Mon, Fri 星期一、五 5:30pm
Monday and Friday: 5:30pm-6pm
A group of music critics guide you through some of the the most interesting new releases to keep you in touch with the latest fine music recordings.
Critic: Dennis Wu
Ever since his very first disc, released by BIS some thirty years ago, Hakan Hardenberger has earned recognition for his performances of the classical repertory, but also as a pioneer of significant and vituosic new music for the trumpet. Collaborations with composers such as Takemitsu, Part, Henze, and H.K. Gruber have resulted in numerous works, of which the two recorded here are among the more recent. Brett Dean's concerto Dramatis personae is named after the term used for the list of characters in a stage work, and casts the soloist in the role of the ''Hero''. Dean's protagonist is a complex one, however, with traits inspired by comic book super heros as well as the classical flawed heros of literature and legend: ''Soliloquy'', the second movement, is a reference to Hamlet, while Charlie Chaplin's character in Modern Times has inspired the work's finale, ''The Accidental Revolutionary''. If there is a hero in the concerto by Luca Francesconi, it is Miles Davis. In his comment sto the work, Francesconi talks of Davis as ''a musician who transcends all labels'' with ''a delicate, cracked sound'' and a voice which speaks directly to the listener. Hard Pace, the title of Francesconi's work, is an allusion to a difficult journey, but it is also a conflation of the names of the performers for whom it was written: Hardenberger, Antonio Pappano and the Santa Cecilia Orchestra. On the present recording it is the Gothenburg Symphony and conductor John Storgards who provide Hakan Hardenberger with expert support in these demanding and rewarding scores.
Critic: Dennis Wu
Die Kölner Akademie and Michael Willens have previously recorded Mozart’s complete piano concertos with Ronald Brautigam, earning praise for their fresh and colourful contributions to the series. The team now releases the first of four projected discs with further Mozart scores, beginning with two of the composer’s best-loved serenades. Serenades were a characteristic feature of Salzburg musical life: opening with a march and continuing with as many as eight or nine separate movements on an orchestral scale, such works will have been ringing in Mozart’s ears from childhood. Thirteen serenades of varying scope and scorings are included in Mozart’s catalogue of works, and of these the well-known ‘Posthorn Serenade’ is the ninth. It is also the last serenade that Mozart composed before leaving Salzburg for Vienna. The nickname stems from Mozart’s inclusion of a solo for post horn (‘cornodi posta’) in one of the movements, but the wind instruments play an important role throughout the serenade, with extended solos for flute and oboe.
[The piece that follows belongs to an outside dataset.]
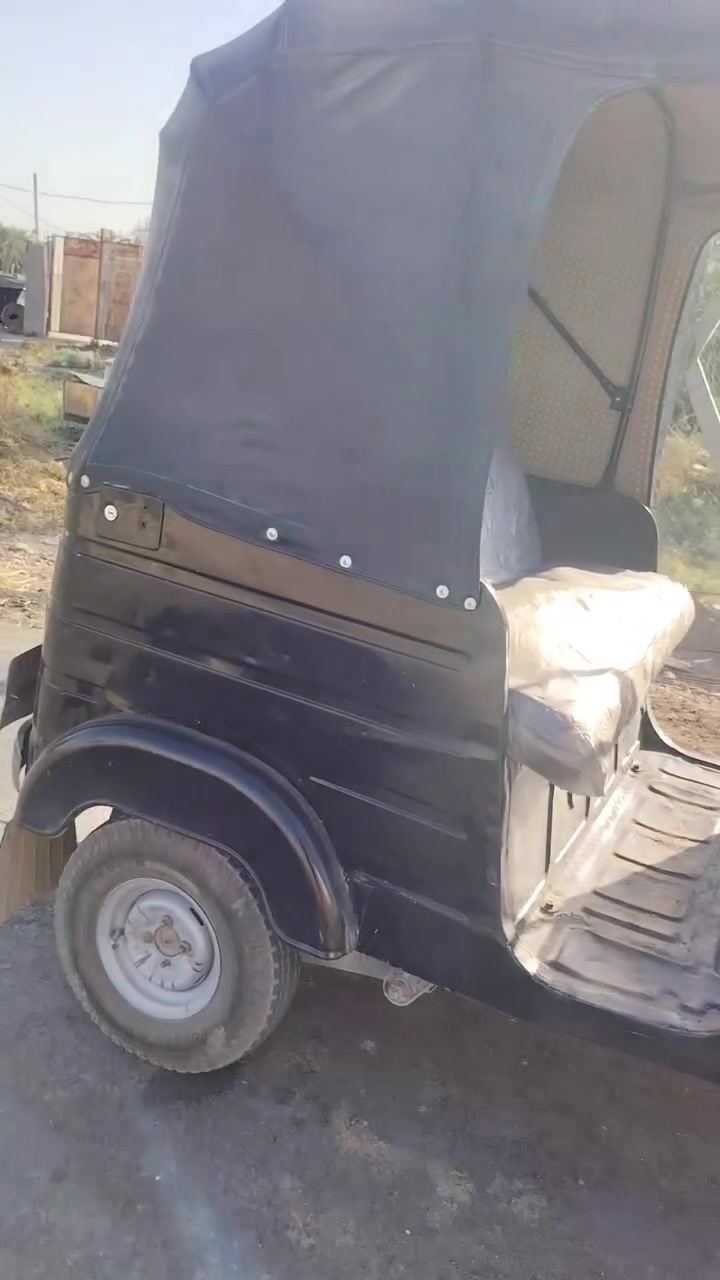 السلام عليكم تكتك موديل 18 للبيع بأسمي شخصيا التكتك گايمه ابيع گايمه اشتريتها قبل شهر  وهسه اريد ابيعها لان احتاجيت فلوسها سعرها 5200 وبيها مجال ***********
In comparison, Eine kleine Nachtmusik – the last serenade Mozart wrote – is for strings only. It is also shorter than many of the other serenades, and was probably intended for a more intimate occasion. Mozart’s own thematic catalogue lists it as having five movements, but as the first minuet and trio (preceding the slow movement) have been lost, only four are typically performed today. In this recording a minuet from Mozart’s very first string quartet in G major, K. 80, is incorporated by way of completion of the five-movement arch.